Government working on ensuring price reduction

Minister Mangaliso Ndlovu

Minister Mangaliso Ndlovu

Dumisani Nsingo , Senior Business Reporter
THE Government will continue to explore various measures and strategies of ensuring that consumers are not subjected to wanton price increases by unscrupulous businesses, a Cabinet Minister said.
Addressing the business community of Plumtree on Friday, Industry and Commerce Minister Nqobizitha Mangaliso Ndlovu said over the years the Government has  underestimated the country’s economic size, culminating to the prevailing rampant commodities shortages.

“The country’s economy experienced a growth without us (Government) taking note, there is what is called rebasing, every five years a country should take note how it’s GDP (Gross Domestic Product) is performing and when the Minister of Finance (and Economic Planning Dr Mthuli Ncube) was appointed in these last two months he decided to do an advent of rebasing . . .

“It was discovered that we always told ourselves that our GDP was around $18 billion while it is actually around $25 billion.

So over the past five years we are looking at a point that we have grown about 40 percent meaning that there is strain, which we weren’t aware of including the way we were planning (the trajectory of our economy). We only realised when there were unending fuel queues,” said Minister Ndlovu.

Rebasing GDP allows Governments to better evaluate their fiscal positions and potential revenue bases while providing investors with more accurate information on which to base their investment decisions. As the economy grows and evolves, GDP measures need to be recalculated to account for the new sectors that are emerging.

Minister Ndlovu said the shortages of commodities that hit the country over the last two months were largely due to panic and speculative buying tendencies.

“There were many (economic misinterpretations) for instance people told themselves that the bond was going to be discarded and this somehow led to panic buying and speculative buying and this culminated to unnecessary goods shortages. However, as a Government we should always be prepared to monitor people’s buying patterns to ensure that they don’t suffer due to shortages,” he said.

Minister Ndlovu said the prices of commodities that had spiralled to unprecedented measures was beginning to normalise, adding that the Government was working tirelessly to rectify the price situation in the country.

“It’s quite concerning that most of the price increases were not justified and just engaging them (retailers) it had positive result, a lot of them have reduced prices. We continue to engage them, we still believe the prices are still high for most commodities and there is no justification,” he said.

Minister Ndlovu said following recent price hikes, which had led to panic-buying and hoarding, Government suspended Statutory Instrument 122 of 2017 (SI 122), to protect consumers and give manufacturers time to restock for the festive season and beyond.
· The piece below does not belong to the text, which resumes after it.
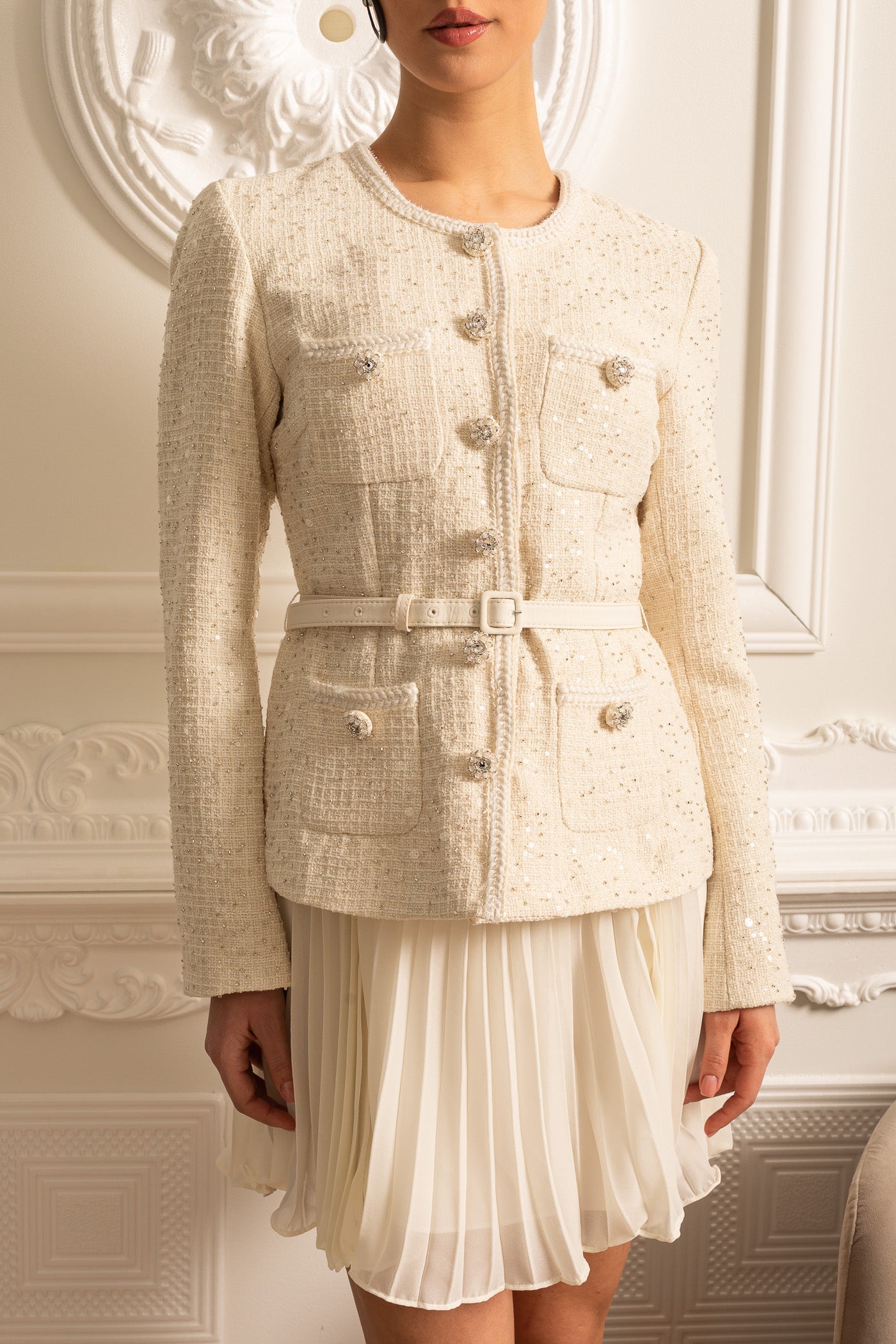 Rochie Mini Texturată cu Buzunare și Fustă Plisată Transparentă - Bej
“Ultimately the one at the receiving end is the consumer and the Government won’t fold its arms and let people suffer and we felt it was necessary to temporarily amend SI 122 of 2017 and allow those with foreign currency to import,” he said.

The Minister said the repealing of SI 122 of 2017, which replaced SI 64 of 2016 is expected to play a huge role in ensuring the normalisation of prices by retailers.

“Opening up the market for people to be able to buy even outside borders will have an effect on the price ultimately because the choices are widened, when the choices are widened people would want to compete on the basis of price so these are the options that we will pursue and we believe they will yield results. The decision to open up the borders was to the best interest of the people of Zimbabwe and we will see the benefits of this in the few weeks to come when people are bringing in goods that are likely to be even cheaper than what is prevailing on the market,” he said.

Minister Ndlovu said Government would continue to monitor prices but hinted that it would not put in place any price control measures.

“The Government’s permanent function is to see to it that the business environment is suitable for businesses to thrive and grow that’s why I have been open throughout my statements that Government will not re-introduce price controls because we learnt over years that it stifles business operations. However, we realise that if you let businesses operate without being monitored they tend to effect price increases without justification,” he said.

Minister Ndlovu said the introduction of the import management programme played an important role in improving capacity utilisation at most industries.

“That strategy was very critical for Zimbabwe as we received investment in excess of $60 million of people coming from outside to invest and the figure isn’t closest to what is on the ground, here I am talking about the investments that I have visited so far. We have had capacity utilisation stabilising to the excess of 45 percent and we are expecting that this year it’s going to reach 60 percent, that’s what people in industry are telling me,” he said.

He however, said there was a need for the country’s industries to find a lasting solution to remain viable instead of relying on import substitution programmes, which by their nature are only temporary measures aimed at cushioning them to retool and scale up their production.

“If we tell ourselves our industries can only survive by closing borders for imports to come in, we are not being genuine and we are not going anywhere. We should give ourselves a stipulated period of saying if we are closing borders and at the time we have shut them what should we be doing and what is each stakeholders’ responsibility to be able to say now we can compete with the world because if all countries do what we are doing the world economy will collapse,” said Minister Ndlovu.